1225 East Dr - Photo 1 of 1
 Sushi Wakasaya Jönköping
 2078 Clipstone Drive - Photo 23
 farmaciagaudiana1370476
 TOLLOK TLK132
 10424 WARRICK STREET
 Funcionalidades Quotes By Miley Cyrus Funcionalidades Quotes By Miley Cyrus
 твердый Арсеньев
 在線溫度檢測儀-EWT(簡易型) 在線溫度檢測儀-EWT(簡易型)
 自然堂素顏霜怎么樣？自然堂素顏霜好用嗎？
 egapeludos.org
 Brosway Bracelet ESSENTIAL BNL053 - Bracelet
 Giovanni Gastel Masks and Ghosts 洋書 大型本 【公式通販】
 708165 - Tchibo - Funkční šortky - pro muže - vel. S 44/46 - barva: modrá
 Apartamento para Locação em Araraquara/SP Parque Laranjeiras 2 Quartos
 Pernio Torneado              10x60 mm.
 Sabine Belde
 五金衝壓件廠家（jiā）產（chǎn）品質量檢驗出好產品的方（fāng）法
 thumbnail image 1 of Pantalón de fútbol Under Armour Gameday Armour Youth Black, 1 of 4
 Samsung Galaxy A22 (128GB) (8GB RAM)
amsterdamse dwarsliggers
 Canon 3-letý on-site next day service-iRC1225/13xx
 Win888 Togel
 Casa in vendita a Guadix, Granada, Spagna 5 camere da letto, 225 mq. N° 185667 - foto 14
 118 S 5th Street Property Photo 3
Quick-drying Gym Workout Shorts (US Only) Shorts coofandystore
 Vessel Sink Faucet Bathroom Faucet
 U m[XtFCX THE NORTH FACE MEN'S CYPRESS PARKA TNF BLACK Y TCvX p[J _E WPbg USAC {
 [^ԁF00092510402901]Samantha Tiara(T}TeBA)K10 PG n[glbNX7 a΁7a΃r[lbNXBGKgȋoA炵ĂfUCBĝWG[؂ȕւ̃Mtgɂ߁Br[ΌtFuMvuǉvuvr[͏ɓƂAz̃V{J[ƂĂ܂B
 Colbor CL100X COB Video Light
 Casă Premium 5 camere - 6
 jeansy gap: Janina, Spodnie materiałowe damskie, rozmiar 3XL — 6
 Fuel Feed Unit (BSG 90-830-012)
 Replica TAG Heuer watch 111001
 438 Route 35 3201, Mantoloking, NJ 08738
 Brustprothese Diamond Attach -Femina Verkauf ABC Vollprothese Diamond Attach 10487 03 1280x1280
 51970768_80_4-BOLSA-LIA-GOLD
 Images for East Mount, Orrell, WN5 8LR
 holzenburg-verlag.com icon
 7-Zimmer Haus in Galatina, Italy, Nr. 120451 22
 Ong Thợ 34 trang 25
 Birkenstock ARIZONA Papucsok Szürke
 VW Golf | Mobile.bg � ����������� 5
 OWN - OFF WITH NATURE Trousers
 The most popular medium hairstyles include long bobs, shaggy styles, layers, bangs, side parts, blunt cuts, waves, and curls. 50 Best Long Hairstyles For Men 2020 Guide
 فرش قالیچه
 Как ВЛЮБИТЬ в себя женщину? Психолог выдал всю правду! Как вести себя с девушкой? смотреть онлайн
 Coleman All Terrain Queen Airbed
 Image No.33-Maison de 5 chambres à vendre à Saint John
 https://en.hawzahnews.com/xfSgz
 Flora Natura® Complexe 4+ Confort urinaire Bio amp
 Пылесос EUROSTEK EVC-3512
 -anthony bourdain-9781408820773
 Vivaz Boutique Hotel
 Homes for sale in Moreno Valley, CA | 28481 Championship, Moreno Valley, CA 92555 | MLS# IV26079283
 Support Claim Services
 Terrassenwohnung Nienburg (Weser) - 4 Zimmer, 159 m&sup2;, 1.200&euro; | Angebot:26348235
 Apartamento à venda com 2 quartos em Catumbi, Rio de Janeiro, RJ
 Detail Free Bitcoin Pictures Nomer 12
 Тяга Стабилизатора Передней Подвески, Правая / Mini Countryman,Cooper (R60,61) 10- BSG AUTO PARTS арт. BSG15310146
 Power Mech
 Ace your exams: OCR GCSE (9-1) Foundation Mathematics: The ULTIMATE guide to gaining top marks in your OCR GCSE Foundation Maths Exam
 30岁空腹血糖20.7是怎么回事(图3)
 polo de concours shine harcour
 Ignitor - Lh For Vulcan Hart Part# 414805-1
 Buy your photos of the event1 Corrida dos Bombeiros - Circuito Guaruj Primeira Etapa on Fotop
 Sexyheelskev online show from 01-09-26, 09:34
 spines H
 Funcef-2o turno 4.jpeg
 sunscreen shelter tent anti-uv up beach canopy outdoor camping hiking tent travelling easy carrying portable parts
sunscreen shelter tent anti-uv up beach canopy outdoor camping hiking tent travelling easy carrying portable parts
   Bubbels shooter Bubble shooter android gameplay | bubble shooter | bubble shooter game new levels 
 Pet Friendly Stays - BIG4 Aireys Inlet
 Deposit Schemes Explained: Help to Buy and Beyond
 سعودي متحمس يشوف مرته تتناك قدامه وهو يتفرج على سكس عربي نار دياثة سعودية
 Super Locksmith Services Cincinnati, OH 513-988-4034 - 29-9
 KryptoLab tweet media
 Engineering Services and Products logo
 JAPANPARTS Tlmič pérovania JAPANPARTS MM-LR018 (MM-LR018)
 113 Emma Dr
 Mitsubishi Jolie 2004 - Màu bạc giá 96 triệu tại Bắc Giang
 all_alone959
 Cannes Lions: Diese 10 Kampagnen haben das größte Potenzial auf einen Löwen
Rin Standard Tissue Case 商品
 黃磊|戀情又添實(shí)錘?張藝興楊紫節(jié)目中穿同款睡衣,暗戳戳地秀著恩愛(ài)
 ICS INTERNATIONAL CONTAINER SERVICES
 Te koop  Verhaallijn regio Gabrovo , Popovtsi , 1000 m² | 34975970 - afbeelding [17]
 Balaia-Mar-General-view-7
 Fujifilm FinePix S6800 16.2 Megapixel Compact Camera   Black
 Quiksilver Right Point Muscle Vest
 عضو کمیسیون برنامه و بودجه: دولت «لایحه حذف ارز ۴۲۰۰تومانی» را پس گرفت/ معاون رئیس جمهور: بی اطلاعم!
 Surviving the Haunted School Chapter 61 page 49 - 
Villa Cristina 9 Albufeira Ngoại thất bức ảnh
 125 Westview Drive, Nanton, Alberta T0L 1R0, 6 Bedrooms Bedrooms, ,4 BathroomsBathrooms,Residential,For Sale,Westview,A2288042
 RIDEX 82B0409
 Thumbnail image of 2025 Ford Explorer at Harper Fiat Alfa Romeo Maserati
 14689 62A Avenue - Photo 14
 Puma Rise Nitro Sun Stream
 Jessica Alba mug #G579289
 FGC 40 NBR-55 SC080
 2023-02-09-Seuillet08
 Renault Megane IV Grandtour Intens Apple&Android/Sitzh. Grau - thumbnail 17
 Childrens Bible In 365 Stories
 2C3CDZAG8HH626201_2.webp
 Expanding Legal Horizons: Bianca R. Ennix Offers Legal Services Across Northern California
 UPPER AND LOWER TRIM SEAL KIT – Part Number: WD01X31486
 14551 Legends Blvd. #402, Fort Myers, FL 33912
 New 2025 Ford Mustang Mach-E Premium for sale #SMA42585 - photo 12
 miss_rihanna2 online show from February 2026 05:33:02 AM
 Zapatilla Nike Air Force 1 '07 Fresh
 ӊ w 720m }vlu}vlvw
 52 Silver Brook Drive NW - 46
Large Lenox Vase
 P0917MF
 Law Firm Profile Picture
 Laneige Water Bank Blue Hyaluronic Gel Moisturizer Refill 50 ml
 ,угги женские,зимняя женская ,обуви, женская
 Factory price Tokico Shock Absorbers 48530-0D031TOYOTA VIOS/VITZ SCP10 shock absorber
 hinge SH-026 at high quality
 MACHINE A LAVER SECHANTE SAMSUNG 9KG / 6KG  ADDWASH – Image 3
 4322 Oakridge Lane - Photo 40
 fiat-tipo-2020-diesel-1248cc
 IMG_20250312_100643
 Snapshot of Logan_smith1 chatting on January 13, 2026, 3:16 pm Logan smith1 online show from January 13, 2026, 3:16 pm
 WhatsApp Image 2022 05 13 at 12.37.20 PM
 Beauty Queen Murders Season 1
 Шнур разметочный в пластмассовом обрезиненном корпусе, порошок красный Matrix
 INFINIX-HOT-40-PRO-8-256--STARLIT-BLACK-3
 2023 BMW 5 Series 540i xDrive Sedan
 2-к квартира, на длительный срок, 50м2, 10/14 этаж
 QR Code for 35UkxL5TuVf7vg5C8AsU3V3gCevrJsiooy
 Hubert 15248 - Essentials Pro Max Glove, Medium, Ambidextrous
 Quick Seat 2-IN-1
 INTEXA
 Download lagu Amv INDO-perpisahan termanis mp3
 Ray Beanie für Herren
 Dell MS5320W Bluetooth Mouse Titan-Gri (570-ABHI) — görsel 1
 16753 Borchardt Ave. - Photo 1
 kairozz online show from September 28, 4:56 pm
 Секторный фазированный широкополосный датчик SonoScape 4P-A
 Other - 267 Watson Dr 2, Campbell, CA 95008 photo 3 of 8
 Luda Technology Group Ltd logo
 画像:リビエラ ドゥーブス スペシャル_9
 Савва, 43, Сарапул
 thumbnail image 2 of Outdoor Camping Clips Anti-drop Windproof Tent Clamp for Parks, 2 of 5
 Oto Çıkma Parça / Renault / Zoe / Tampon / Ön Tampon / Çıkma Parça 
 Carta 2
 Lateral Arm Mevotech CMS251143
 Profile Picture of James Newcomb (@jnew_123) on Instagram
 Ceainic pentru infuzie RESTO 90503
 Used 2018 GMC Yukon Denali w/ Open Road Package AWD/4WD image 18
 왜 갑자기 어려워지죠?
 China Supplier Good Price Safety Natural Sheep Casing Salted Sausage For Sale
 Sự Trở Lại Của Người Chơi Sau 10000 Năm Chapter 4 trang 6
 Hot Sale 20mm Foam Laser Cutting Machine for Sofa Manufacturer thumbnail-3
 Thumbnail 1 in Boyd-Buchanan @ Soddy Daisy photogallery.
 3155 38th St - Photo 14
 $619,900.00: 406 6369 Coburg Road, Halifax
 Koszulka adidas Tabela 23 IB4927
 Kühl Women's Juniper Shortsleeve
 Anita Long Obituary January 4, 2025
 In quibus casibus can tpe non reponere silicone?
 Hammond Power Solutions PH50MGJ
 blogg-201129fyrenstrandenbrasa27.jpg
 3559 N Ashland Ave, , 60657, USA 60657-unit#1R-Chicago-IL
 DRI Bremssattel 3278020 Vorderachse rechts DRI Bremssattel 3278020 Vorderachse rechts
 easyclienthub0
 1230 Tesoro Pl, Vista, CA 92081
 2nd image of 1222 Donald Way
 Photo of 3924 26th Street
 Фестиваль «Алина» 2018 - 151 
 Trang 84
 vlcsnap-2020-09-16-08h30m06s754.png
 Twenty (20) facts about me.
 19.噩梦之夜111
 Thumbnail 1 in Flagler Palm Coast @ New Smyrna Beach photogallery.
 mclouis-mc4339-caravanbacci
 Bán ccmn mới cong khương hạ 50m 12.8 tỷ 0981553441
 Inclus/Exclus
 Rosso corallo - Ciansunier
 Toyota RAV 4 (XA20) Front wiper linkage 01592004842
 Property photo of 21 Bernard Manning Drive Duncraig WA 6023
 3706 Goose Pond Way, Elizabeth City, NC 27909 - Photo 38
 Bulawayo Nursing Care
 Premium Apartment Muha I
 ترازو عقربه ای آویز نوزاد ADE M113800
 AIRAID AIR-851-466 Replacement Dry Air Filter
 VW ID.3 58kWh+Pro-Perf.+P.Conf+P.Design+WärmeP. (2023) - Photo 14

__________

** TO DO **
Word for word, retype the lines from the one containing "Premium Apartment Muha I" through the final line of the data, including both ends and nothing more.

** RESPONSE **
 Premium Apartment Muha I
 ترازو عقربه ای آویز نوزاد ADE M113800
 AIRAID AIR-851-466 Replacement Dry Air Filter
 VW ID.3 58kWh+Pro-Perf.+P.Conf+P.Design+WärmeP. (2023) - Photo 14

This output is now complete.